In the "early summer of 1950", Martin Greer is the engineer for a small construction company, Greer and Sons, working with his father. An Army combat engineer for four years during World War II, he and wife Nancy have two young children. Employee George Kress asks Martin to write a letter to the Selective Service System stating that his son, George Jr., is "indispensable" for their company and thus exempt from the draft. Martin reluctantly refuses, and George Jr. joins the Army at the beginning of the Korean War.
Martin's younger brother Jack is in love with college student Carrie Turner, daughter of a judge who is on the local draft board. Despite a trick knee that got him deferred once before, he is drafted. Jack suspects that her father, who feels his daughter can do better, is the reason. Jack and Martin's mother, who lost a son during the last war, asks Martin to write an "indispensable" letter for his brother; he seriously considers it, but does not do so, and Nancy criticizes Jack for his reluctance to serve. Jack joins the Army, where he briefly sees George Jr. before the latter goes to Korea.
Something bad happens to George Jr. (though it is not made clear whether he is dead, badly wounded or missing in action), and his father drunkenly blames Martin. Harvey Landrum, Martin's commander in World War II, reenlists and asks Martin to join him, as engineers who know how to build airstrips are scarce. Eligible for exemptions, he initially declines, then agrees, over his wife's objections. Jack and Carrie marry during a furlough before he also goes overseas.

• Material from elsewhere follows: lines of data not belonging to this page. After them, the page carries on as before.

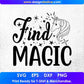 Find Magic Unicorn Animal T shirt Design In Svg Png Cutting Printable Files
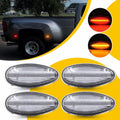 LED Fender Side Marker Lights for Chevy Silverado 3500HD (2001–2014)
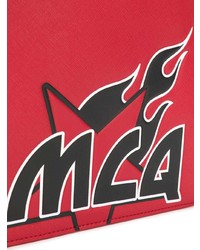 McQ Alexander McQueen Printed Clutch Bag
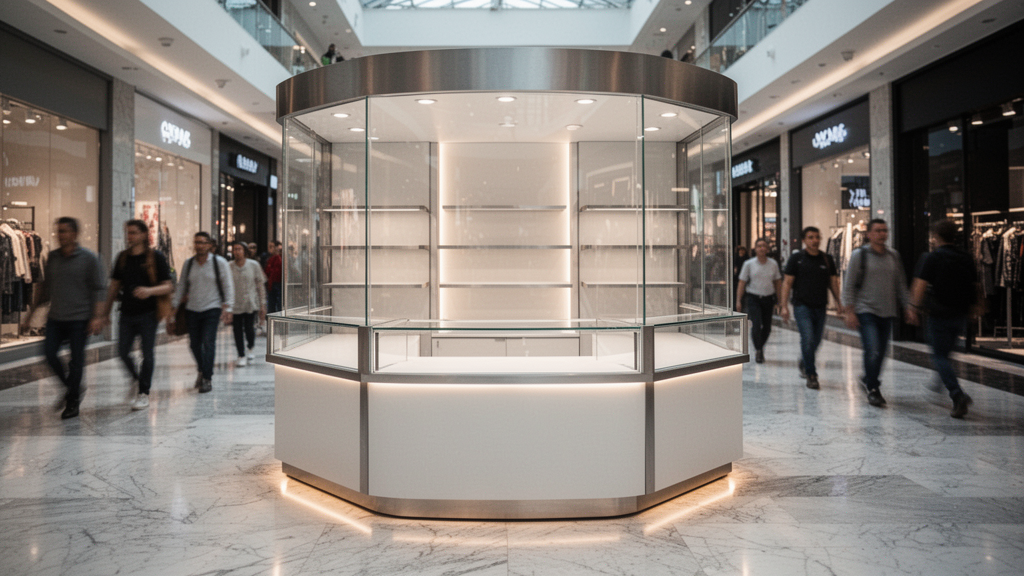 Por que investir em um espaço de venda no corredor do shopping
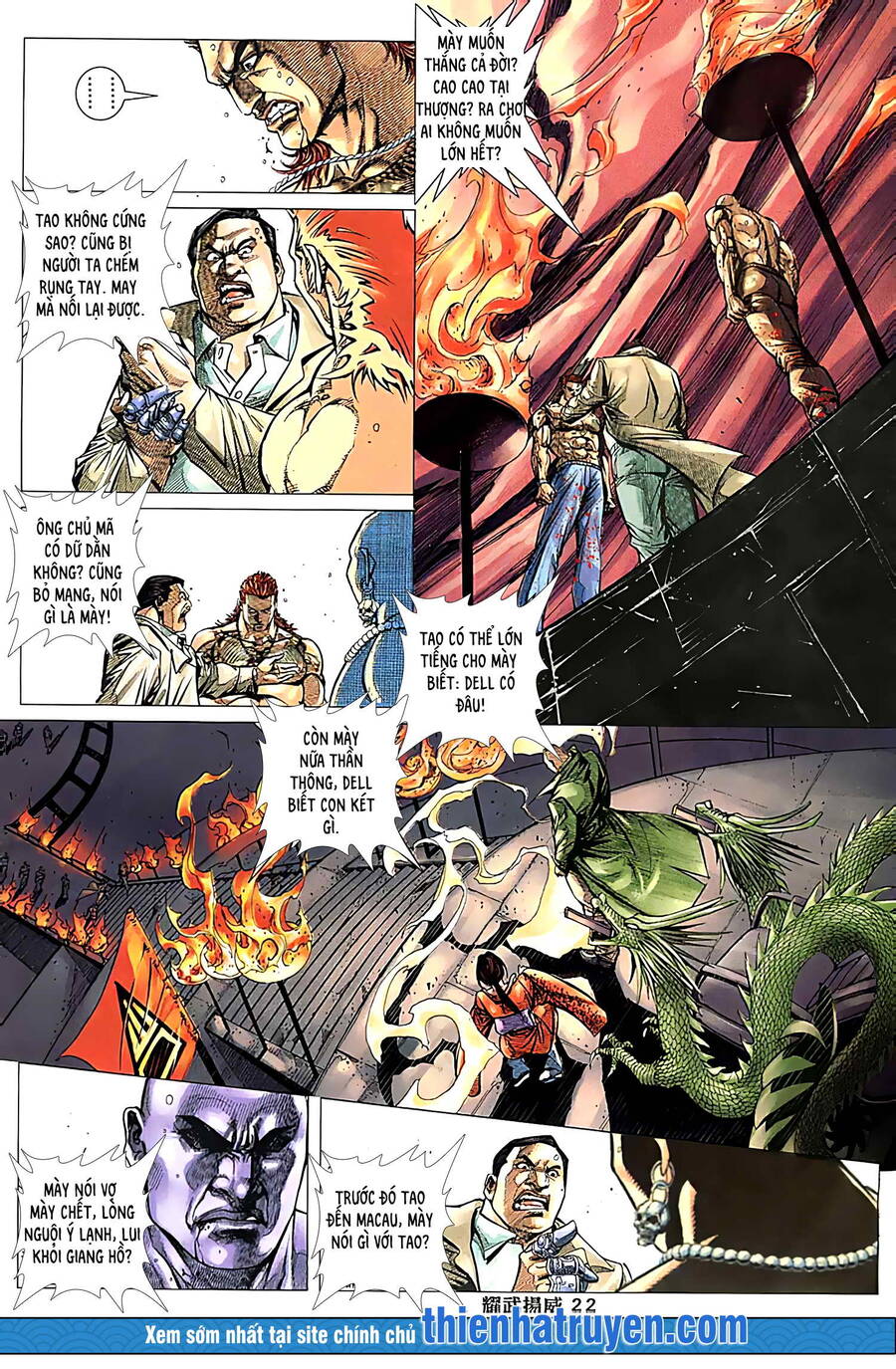 Diệu Võ Dương Oai Chapter 235 - 5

Leonard Maltin gives the film three out of four stars, describing it as “Dated yet still touching Americana detailing effects of the Korean War on a small-town family. An artifact of its era, with fine performances all around. “
At the time of its release, Bosley Crowther of The New York Times wrote: “All in all the running crisis of the "cold war" has been absorbed in the cotton padding of sentiment. A straight recruiting poster would be more convincing and pack more dramatic appeal.”